PROVIDED DATA →
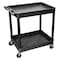 Zoro Select Utility Cart with Deep Lipped Plastic Shelves, Polyethylene, 400 lb Load Capacity, 2 Shelves TC11-B - alternate 1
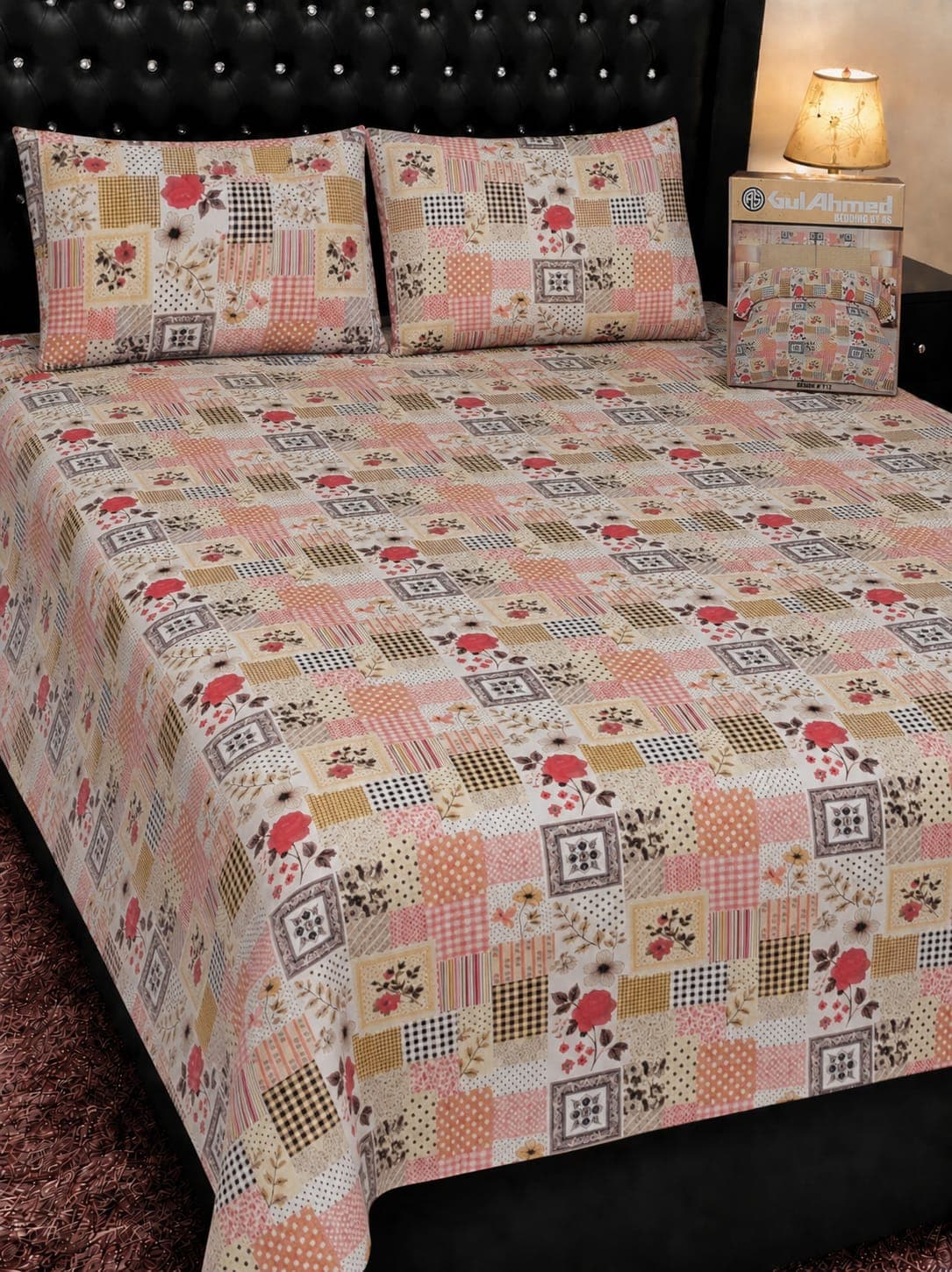 Gul Ahmed Peach Rose Quilt Cotton Bedsheet Set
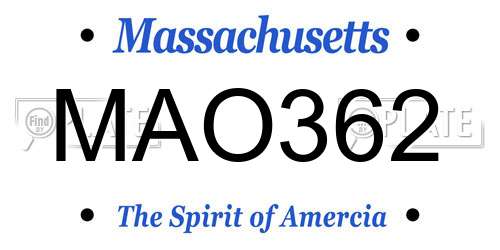 MAO362 Massachusetts License Plate
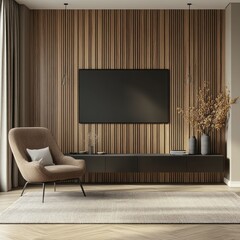 A modern living room scene, featuring a stylish wooden wall paneling, a comfortable armchair, and a television set.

AIM OF THE EXERCISE → Every line above is to be returned exactly, with its pictures removed.

OUTPUT BELOW →
 Zoro Select Utility Cart with Deep Lipped Plastic Shelves, Polyethylene, 400 lb Load Capacity, 2 Shelves TC11-B - alternate 1
 Gul Ahmed Peach Rose Quilt Cotton Bedsheet Set
 MAO362 Massachusetts License Plate
 A modern living room scene, featuring a stylish wooden wall paneling, a comfortable armchair, and a television set.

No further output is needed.